Starorganist spielt vor Altenheimen: Kleine Fluchten in Spandau
US-Starorganist Cameron Carpenter gab Goodwill-Konzerte vor Berliner Altenheimen. Insgesamt spielte der Musiker in rund 30 Seniorensitzen.
Am Donnerstagvormittag summt vor dem Caroline-Bertheau-Haus des barrierefreien Seniorenzentrums am evangelischen Johannesstift in Berlin-Spandau ein Generator. Von dem Generator führen Kabel zu einem danebenstehenden Lkw, auf den ein Kran eine digitale, dreimanualige Kirchenorgel gehievt hat. Um das Fahrzeug herum wieseln ein paar Dutzend Menschen. Manche stellen Kameras auf, filmen und fotografieren. Andere ziehen sich orangene Jacken mit dem Signet der „Bürgerstiftung Spandau“ über, die den Auftritt hier mitorganisiert hat. Sie fragen Anwesende, die sich etwas mit notieren: „Sind Sie vom ZDF?“
Das Haus hat drei Stockwerke, auf deren Balkons ältere Damen und Herren Platz genommen und sich Decken über die Beine gelegt haben.
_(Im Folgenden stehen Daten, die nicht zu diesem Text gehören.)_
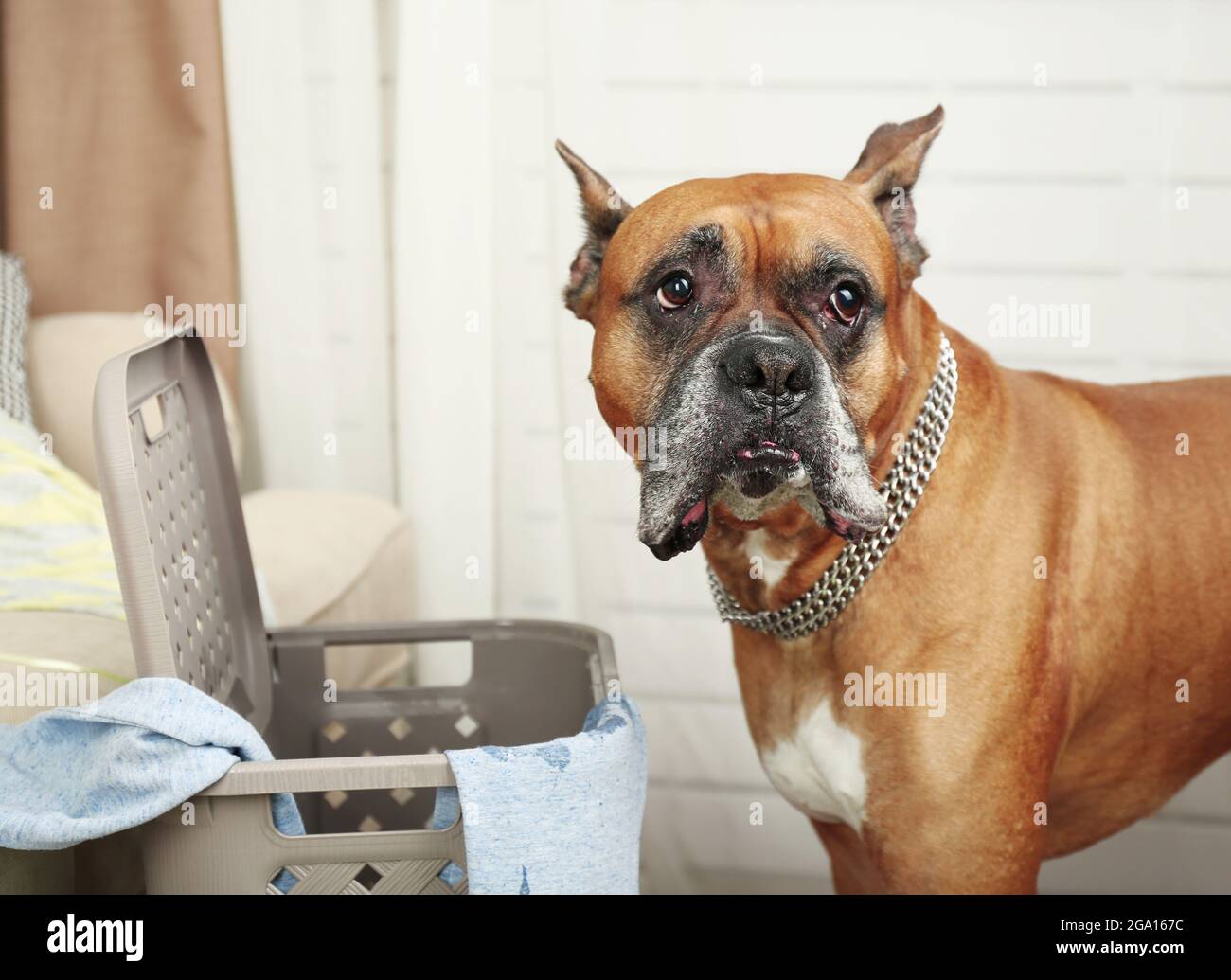 Dog demolishes clothes in messy room Stock Photo Alamy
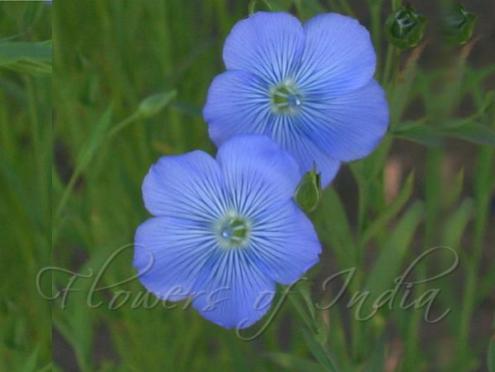 Atasi अतसी (Linum usitatissimum) -- Flax This pretty blue flower is popular in Sanskrit literature for comparing with the complexion of Krishna. A famous sloka in Krishna's praise goes अतसीपुष्पसंकाशम् हारनूपुरशोभितम् "atasii pushpa sankaasam haara noopura shobhitam". This flower, along with the blue butterfly-pea flower, Aparaajita, is also popular in worship of Goddess Durga (who is also sometimes considered an "amsha" (अंश) of Krishna). source: Flowers in Ancient Literature website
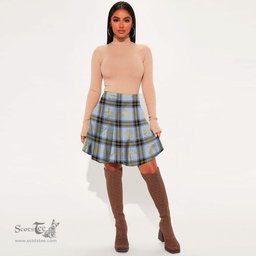 Scottish Bell of the Borders Clan Tartan Womens Mini Skirt Tartan Plaid Skirt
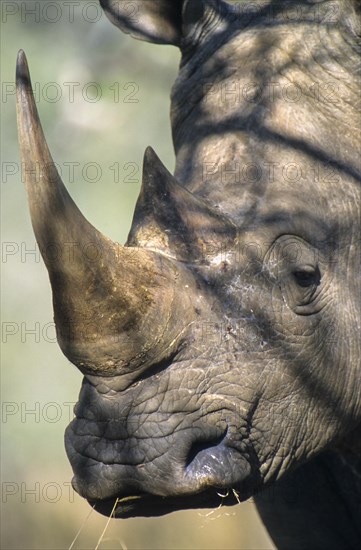 White Rhino (Ceratotherium simum)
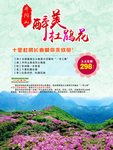 醉美杜鹃花旅游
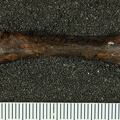 STW 330 Australopithecus africanus MC4L palmar 2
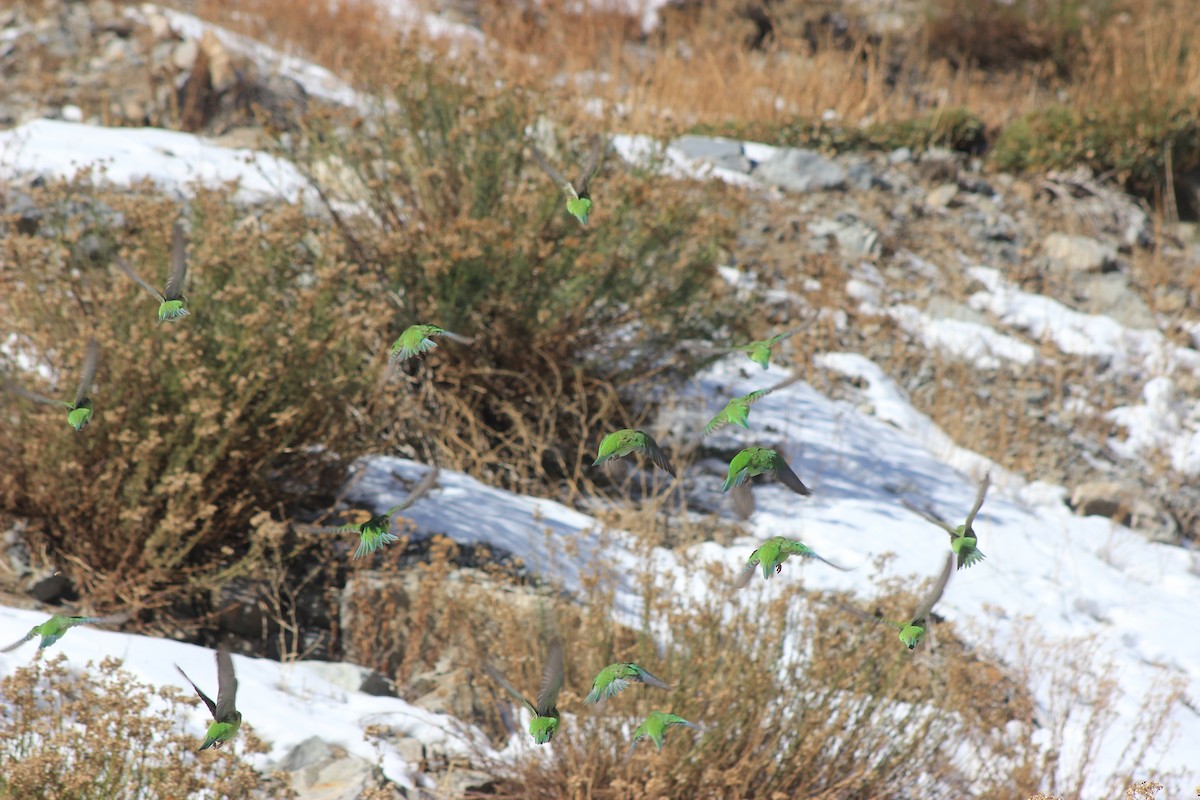 Mountain Parakeet - ML619565662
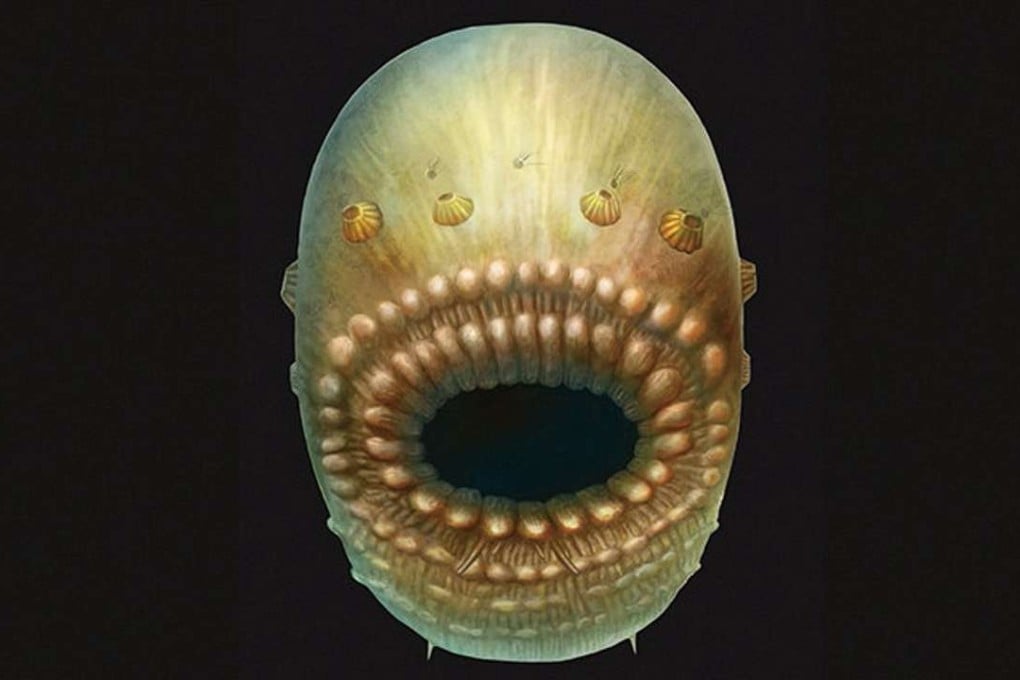 An artist's reconstruction of Saccorhytus coronarius, based on fossil finds. Photo: Reuters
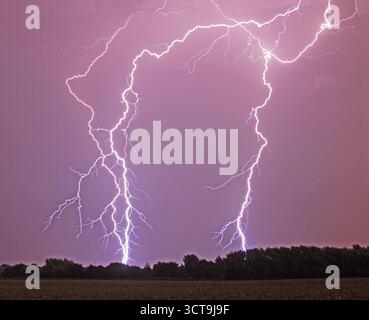 Ein lebendiger Blitz über einem Maisfeld Stockfoto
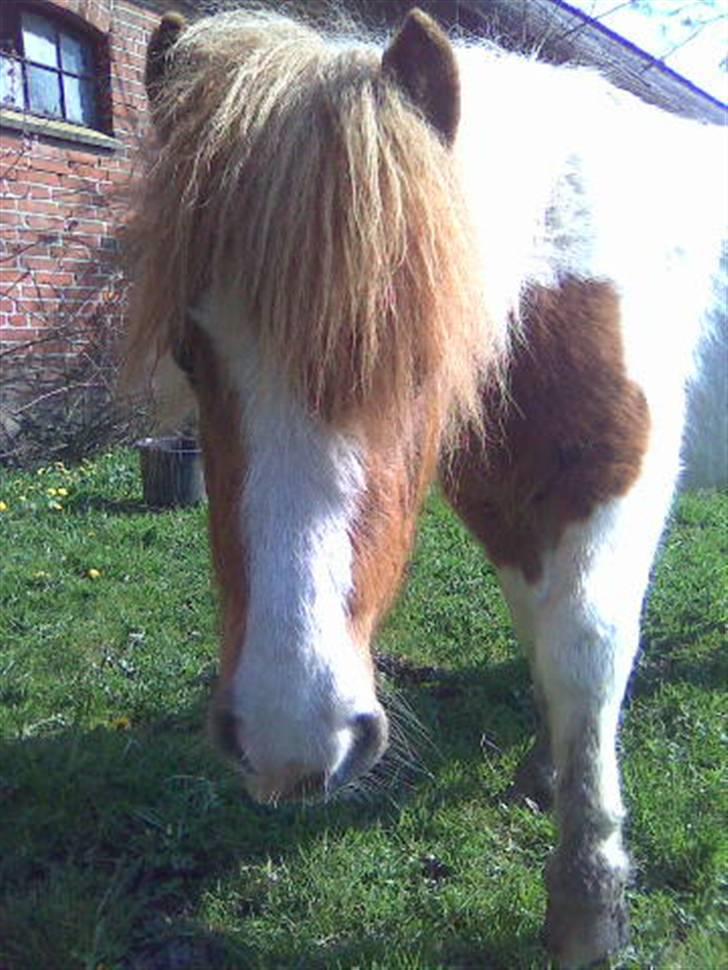 Miniature Indi - Skal jeg se charmerende ud billede 3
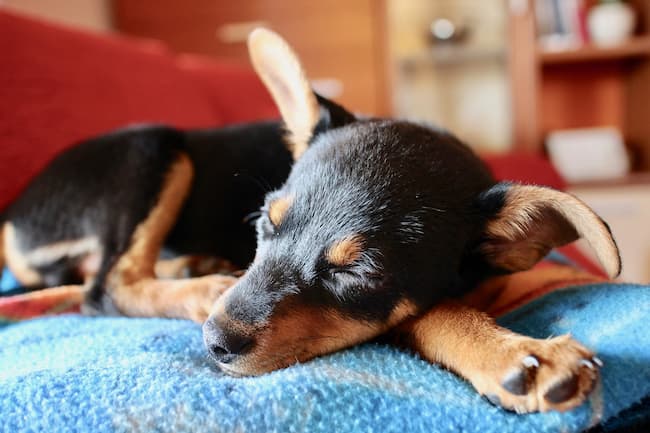 Min Pin puppy sleeping on blanket Min Pin puppy sleeping on blanket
Ein einziger Mann trägt keine Atemschutzmaske, als er sich dem Lkw nähert. Bei seinen Auftritten ist er sonst mit glitzernden Showoutfits und überkandidelten Frisuren angetan, heute aber begnügt er sich mit einer locker sitzenden schwarzen Hose zum schwarzen Pullover. Es handelt sich um den in Berlin lebenden US-Starorganisten Cameron Carpenter.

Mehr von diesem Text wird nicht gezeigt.